## DATA EXTRACT

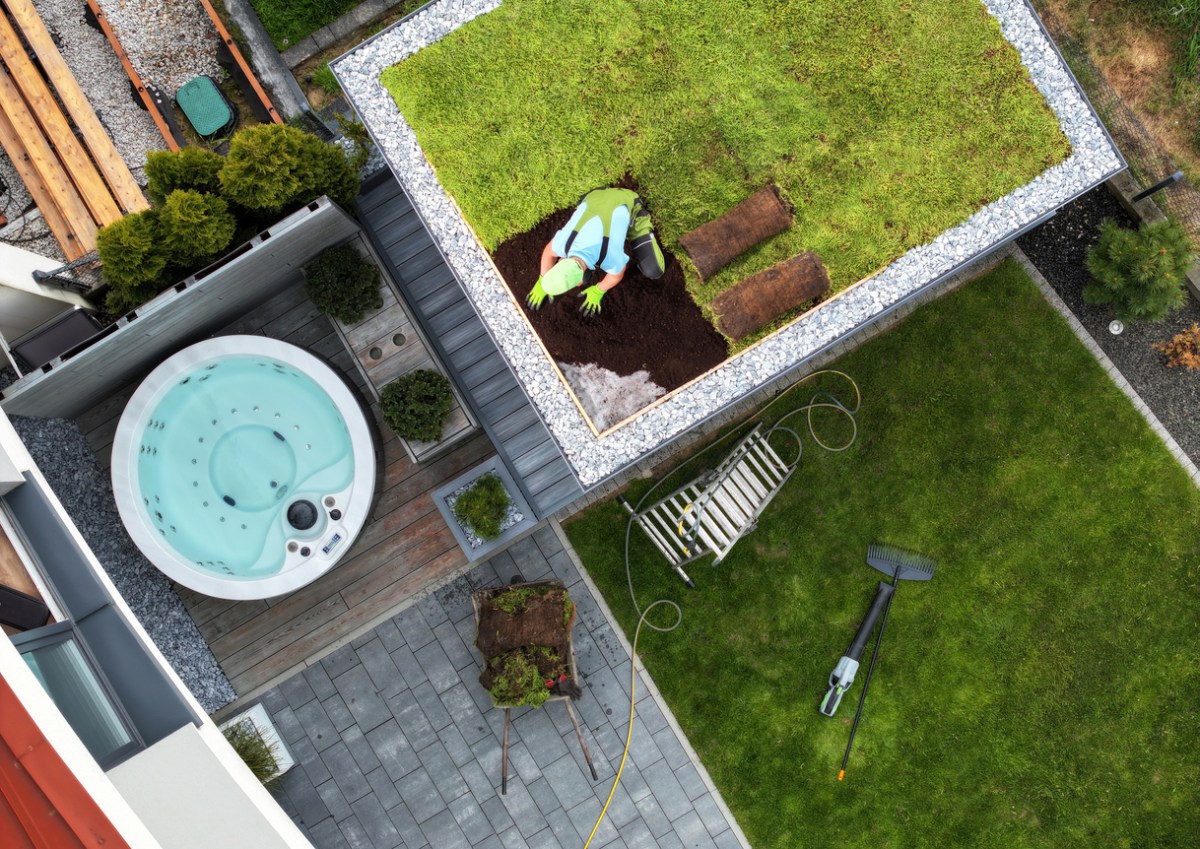An aerial view of a worker installing a green roof.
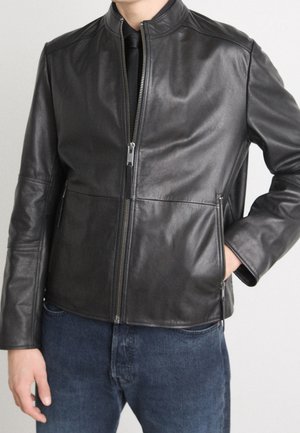 Mann trägt eine schwarze Lederjacke mit Reißverschluss über einem schwarzen Hemd und Krawatte, kombiniert mit blauen Jeans, mit einer Hand in der Tasche.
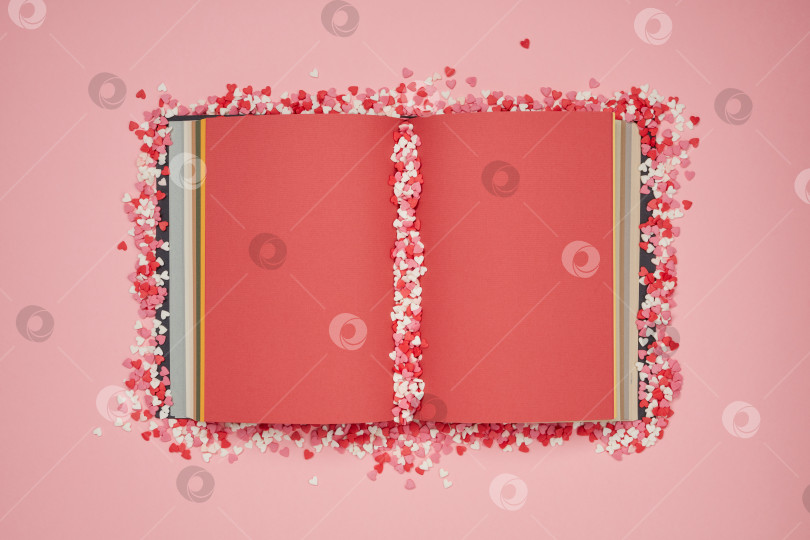 Скачать Конфетные сердечки пастельных тонов на красных книжных страницах и розовом фоне фотосток Ozero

## WHAT IS REQUIRED
The line with "Mann trägt eine" and each line after it, through the final line of the data, are to be duplicated exactly, with pictures left out and nothing more included.

## ANSWER TO THIS PROBLEM
 Mann trägt eine schwarze Lederjacke mit Reißverschluss über einem schwarzen Hemd und Krawatte, kombiniert mit blauen Jeans, mit einer Hand in der Tasche.
 Скачать Конфетные сердечки пастельных тонов на красных книжных страницах и розовом фоне фотосток Ozero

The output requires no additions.